The implementation of loading processes for a data warehouse, is a complex task even when taking into account that Data Vault provides a lot of standardization and generalization. Many tools and frameworks try to support the Data Vault modelling and implementation process but in the end none can cover all steps.
That’s why data warehouse platforms often contain a bundle of tools with a mix of commercial or open source products and self written code. One major function needed in the implementation workflow, is the collection of the metadata, that is forged during the analysis and modelling steps and providing it to the implemtation steps. Unfortunatly, even after many projects an products have developed data structures to solve this problem in their own context, there is no solution, that can be used as a standardized and tool independent format.

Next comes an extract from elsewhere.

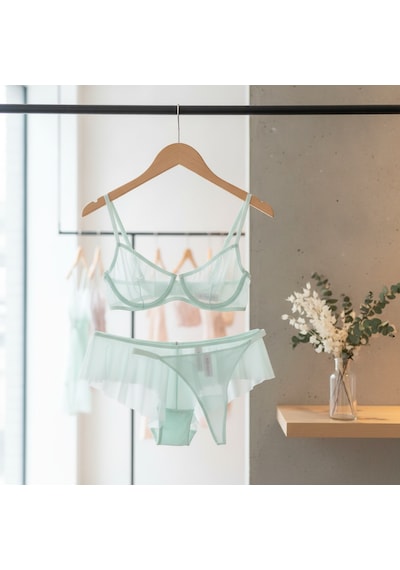 Bonbon Kadın Tül Transparan Balenli Sütyen, Checky Ve String Külotlu 3 Lü Paket Bb2621 Yeşil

This is where the DVPD concept steps in.

Goal and Scope

Full Data Vault support

DVDP will allow the declaration of all model structures and data mappings, that are possible in the Data Vault method. This also covers different approaches, how to implement row comparison, manage the enddating and detect actual data. The DVPD syntax might prevent declarations, that are not allowed/possible in the Data Vault method, but it is not the purpose of DVPD to fully enforce Data Vault compliance of models and mappings.
DVPD consuming tools (especially code generators and execution modules) might not support all Data Vault features and therefore all DVPD features. This is accepted, since projects might be competely satisfied with a reduced featureset. It is the responsibilty of these tools (or a checkscript the CI workflow) to warn about the usage of unsupported DVPD features.

All loading phases

DVPD contains information for all phases, that are necessary to load data from a data source. This includes declarations how to retrieve the data from the source, how to parse and transform the data into a tabularized representation and how to map it into a given data vault model. DVPD does not require an execution process, that solves all these steps in a single module. In contrary it enables the teams to combe different tools for different phases, all configured by a single arifact.

A Simple Example

To give you an impression about the syntax elements, lets take simpe example. It describes the loading of data from a simple database table named „Person“.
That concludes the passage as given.